Mobile station 102 operates using a Subscriber Identity Module (SIM) 140 which is connected to or inserted in mobile station 102 at a SIM interface (IF) 142. SIM 140 is one type of a conventional “smart card” used to identify an end user (or subscriber) of mobile station 102 and to personalize the device, among other things. Without SIM 140, the mobile station terminal is not fully operational for communication through the wireless network. By inserting SIM 140 into mobile station 102, an end user can have access to any and all of his/her subscribed services. SIM 140 generally includes a processor and memory for storing information. Since SIM 140 is coupled to SIM IF 142, it is coupled to controller 106 through communication lines 144. In order to identify the subscriber, SIM 140 contains some user parameters such as an International Mobile Subscriber Identity (IMSI). An advantage of using SIM 140 is that end users are not necessarily bound by any single physical mobile station. SIM 140 may store additional user information for the mobile station as well, including date book (or calendar) information and recent call information.

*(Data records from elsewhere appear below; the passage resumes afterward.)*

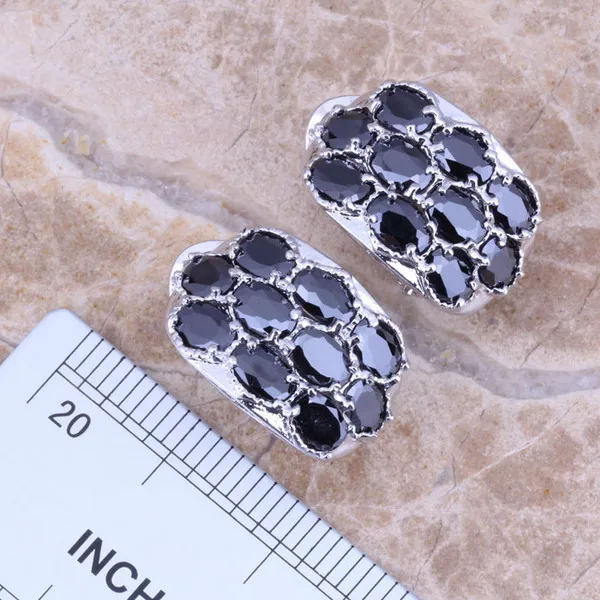 Black Cubic Zirconia Silver Plated Jewelry Sets Earrings Pendant Ring Size 5 / 6 / 7 / 8 / 9 / 10 S0013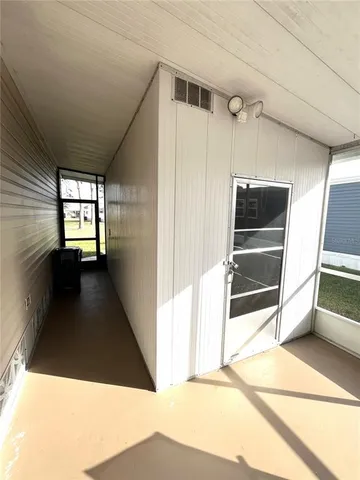 a building outdoor space with seating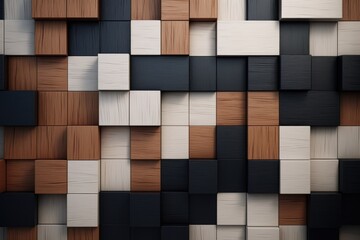 3d render of wooden cubes background. Abstract geometric seamless pattern, Square, soft sheen wall background with tiles in 3D, tile wallpaper with wood, AI Generated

Mobile station 102 may consist of a single unit, such as a data communication device, a multiple-function communication device with data and voice communication capabilities, a personal digital assistant (PDA) enabled for wireless communication, or a computer incorporating an internal modem. Alternatively, mobile station 102 may be a multiple-module unit comprising a plurality of separate components, including but in no way limited to a computer or other device connected to a wireless modem. In particular, for example, in the mobile station block diagram of FIG. 1, RF transceiver circuitry 108 and antenna 110 may be implemented as a radio modem unit that may be inserted into a port on a laptop computer. In this case, the laptop computer would include display 112, keyboard 114, one or more auxiliary UIs 116, and controller 106 embodied as the computer's CPU. It is also contemplated that a computer or other equipment not normally capable of wireless communication may be adapted to connect to and effectively assume control of RF transceiver circuitry 108 and antenna 110 of a single-unit device such as one of those described above. Such a mobile station 102 may have a more particular implementation as described later in relation to mobile station 202 of FIG. 2.

FIG. 2 is a detailed block diagram of a preferred mobile station 202. Mobile station 202 is preferably a two-way communication device having at least voice and advanced data communication capabilities, including the capability to communicate with other computer systems. Depending on the functionality provided by mobile station 202, it may be referred to as a data messaging device, a two-way pager, a cellular telephone with data messaging capabilities, a wireless Internet appliance, or a data communication device (with or without telephony capabilities). Mobile station 202 may communicate with any one of a plurality of fixed transceiver stations 200 within its geographic coverage area.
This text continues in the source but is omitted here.